Your bladder can usually hold between 1 and 2 cups of urine for 3 to 4 hours before you are uncomfortable. If you need to pee more often and with less urine, you may want to “train” your bladder to hold more for longer.

The average adult bladder can hold between 1 1/2 to 2 cups of urine before getting that “gotta go right now!” urge, according to the National Institute of Diabetes and Digestive and Kidney Diseases. While your bladder can stretch to hold a little more than this, you’ll be getting into uncomfortable territory if you do.

However, there are lots of people who feel like they can’t hold even 50 milliliters of urine without having to go to the bathroom. If that’s the case for you, then there are ways you can “train” your bladder so you aren’t running for the restroom every time you take a sip of water.

Before you do, it’s always a good idea to talk to a doctor to make sure you don’t have an underlying medical condition — such as a urinary tract infection — that may be affecting your bladder.

There’s a fine line between holding in pee and holding it too long. Most doctors will recommend going to the bathroom every three to four hours, except when you’re asleep, to empty your bladder. If you find you have to go a lot more frequently, learning how to hold your pee can help.

Holding your pee for too long can be harmful for you. It can allow excess bacteria to build up in your bladder and can contribute to urinary tract infections. As a result, it’s important to strike the right balance between going too often and not often enough.

When the urge hits, find ways to distract yourself or at least lessen the urge to go. Some ways you can accomplish this include:

  • Distraction techniques. This can include listening to music, repeating a mantra, reading something, or even making a phone call to someone who’ll understand you just need to talk for a few minutes.
  • Shift your position.

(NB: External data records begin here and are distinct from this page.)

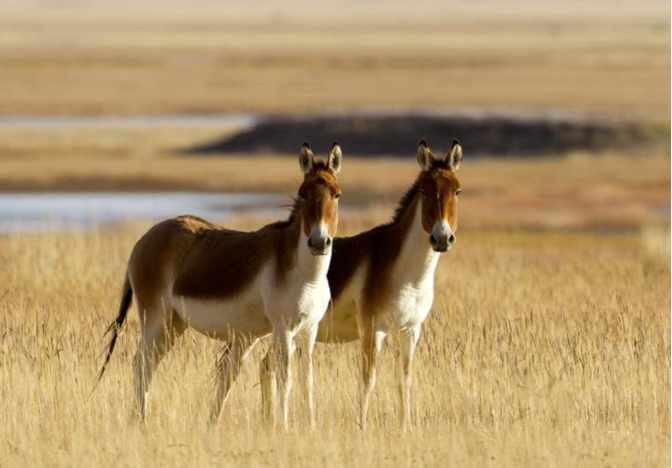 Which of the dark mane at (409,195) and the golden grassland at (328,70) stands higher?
the golden grassland at (328,70)

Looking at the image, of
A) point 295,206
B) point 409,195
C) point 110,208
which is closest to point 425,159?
point 409,195

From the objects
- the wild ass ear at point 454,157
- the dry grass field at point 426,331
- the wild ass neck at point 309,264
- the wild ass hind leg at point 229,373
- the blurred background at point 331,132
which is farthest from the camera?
the blurred background at point 331,132

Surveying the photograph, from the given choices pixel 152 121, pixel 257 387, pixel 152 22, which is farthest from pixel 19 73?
pixel 152 22

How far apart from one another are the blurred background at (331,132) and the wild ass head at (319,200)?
1.16 metres

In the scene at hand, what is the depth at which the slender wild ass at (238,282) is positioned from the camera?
32.5 feet

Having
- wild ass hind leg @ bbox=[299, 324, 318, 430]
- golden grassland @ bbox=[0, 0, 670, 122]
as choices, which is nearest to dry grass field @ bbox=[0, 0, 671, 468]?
wild ass hind leg @ bbox=[299, 324, 318, 430]

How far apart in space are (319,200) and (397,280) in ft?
3.46

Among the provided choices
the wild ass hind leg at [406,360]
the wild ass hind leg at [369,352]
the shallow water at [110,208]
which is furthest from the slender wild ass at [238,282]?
the shallow water at [110,208]

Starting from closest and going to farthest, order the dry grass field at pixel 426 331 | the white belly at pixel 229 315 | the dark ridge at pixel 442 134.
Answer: the dry grass field at pixel 426 331, the white belly at pixel 229 315, the dark ridge at pixel 442 134

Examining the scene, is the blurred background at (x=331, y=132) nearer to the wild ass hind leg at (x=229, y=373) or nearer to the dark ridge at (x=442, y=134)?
the dark ridge at (x=442, y=134)

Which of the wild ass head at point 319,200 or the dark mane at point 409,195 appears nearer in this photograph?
the wild ass head at point 319,200

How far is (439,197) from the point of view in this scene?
1016 centimetres

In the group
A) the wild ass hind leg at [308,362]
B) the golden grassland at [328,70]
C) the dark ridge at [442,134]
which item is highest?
the golden grassland at [328,70]

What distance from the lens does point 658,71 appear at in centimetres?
8244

Leaning slightly forward can sometimes take pressure off the stomach and bladder, which may reduce the feeling that you need to go. If this position change doesn’t help, try to find another that does.
  • Remove any liquids from view. They can just remind you that you need to go.

Bladder training is a preventive method that helps you retrain your bladder to hold more urine. This is a mind-body approach that helps your brain and bladder learn to tolerate the presence of more urine before creating the urge that you have to go right away.

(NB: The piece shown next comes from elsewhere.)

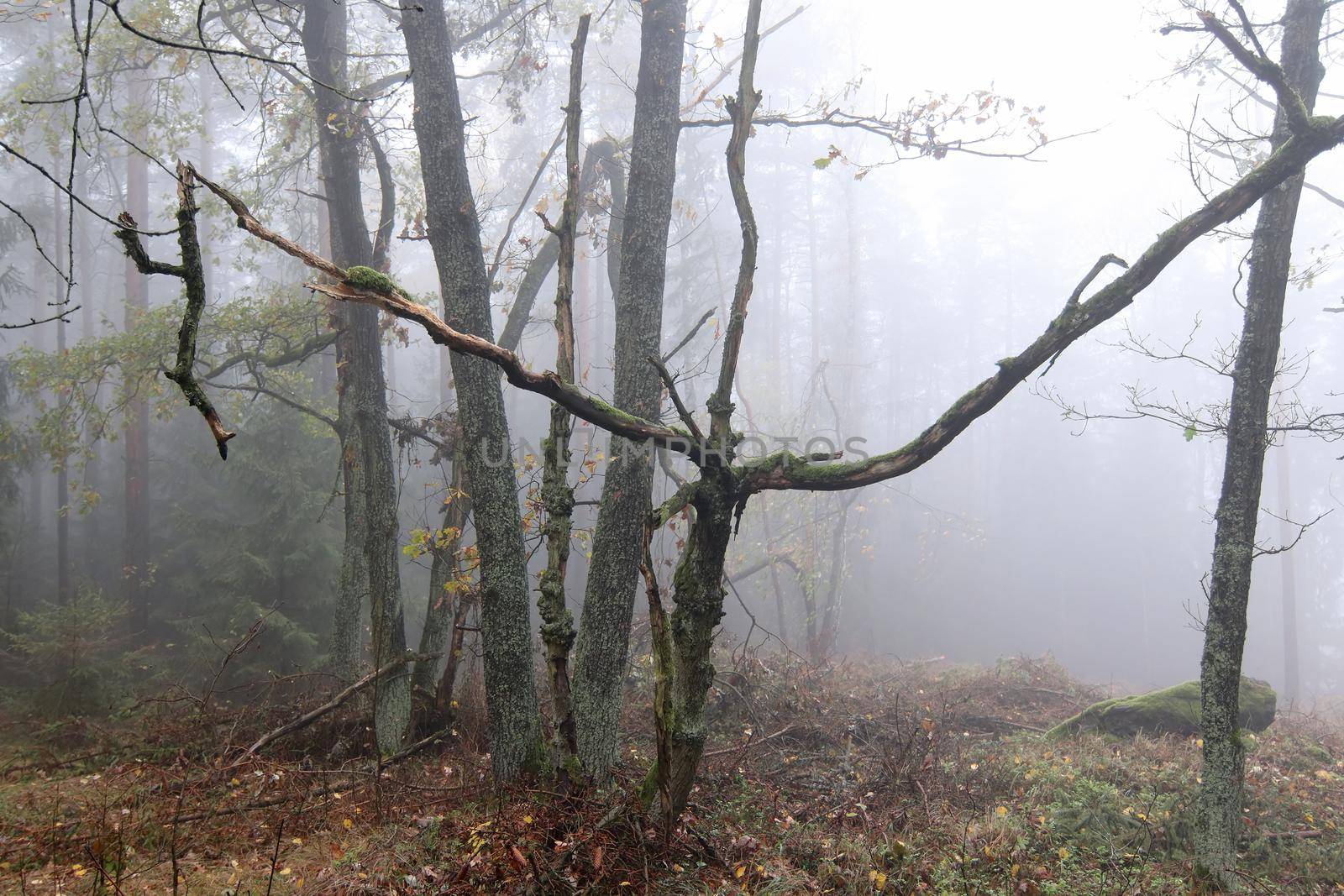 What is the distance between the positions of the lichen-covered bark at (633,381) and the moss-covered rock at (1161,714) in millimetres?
6945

The steps to bladder training include:

  1. Keep a diary for three to seven days about when you go to the bathroom. Write down the time, how much urine comes out, and how much fluid you drink throughout the day. You can measure with a urine collector that fits over your toilet bowl.
  2. Review your journal and identify how your fluid intake stacks up to your urine output. Count how many times a day you go and how long you go between bathroom visits. If you’re peeing less than 1 1/2 to 2 cups every time you go or are going more than every 2 hours, there’s room for improvement.
  3. Try to get your bladder on a schedule. Commit to going once in the morning when you wake up and giving yourself enough time to fully empty your bladder. After this, try to go every two to three hours.
  4. Give yourself time when you go and try to get in a comfortable position. For example, hovering over the toilet seat to avoid touching it can create extra pressure on the bladder that keeps it from emptying fully. As a result, you may feel like you have to go again soon because you didn’t get all the urine out the first time.
  5. Avoid going out of convenience, such as when you see a bathroom. These quick, seemingly harmless trips may be ineffectively telling your bladder you need to urinate more often.
  6. Practice pelvic floor exercises like Kegel exercises throughout your day. This involves focusing on the muscles you use to stop your urine flow and contracting them for 5 to 10 seconds. Perform five repetitions. Kegels can strengthen your pelvic floor to help you hold urine longer.
  7. When the urge to go between your bathroom intervals hits, try to sit for a few minutes. Take some deep breaths and focus on something other than your bladder. Make it your goal to reach at least five minutes of waiting. Over time, you can extend this to 10 or even 20 minutes.
  8. Continue to maintain your bathroom diary so you can chart your progress and identify times in your day that appear to be trouble zones.

Some people may try to cheat their bladder training by cutting down how much they drink in a day. You still need fluids to stay healthy and prevent dehydration. There are some ways that you can still hydrate without triggering your bladder. This includes stopping drinking anything about one to two hours before going to bed.

You can also time your water intake with your meals when you’re likely to go to the bathroom. For example, you can drink a glass or two of water about 30 minutes before you eat a meal. By the time you’re finished, you’ll likely need to go to the bathroom before returning to work, school, or other activities.

While bladder training can be helpful, it’s important to approach it with the understanding that you’ll likely have some setbacks. If you keep trying and don’t see improvement, speak to a doctor.

When you go to the bathroom too frequently, learning to hold your pee can be helpful. As long as a doctor determines you don’t have an underlying condition like a weak bladder or a urinary tract infection, you can try techniques to train your bladder to go longer intervals without peeing.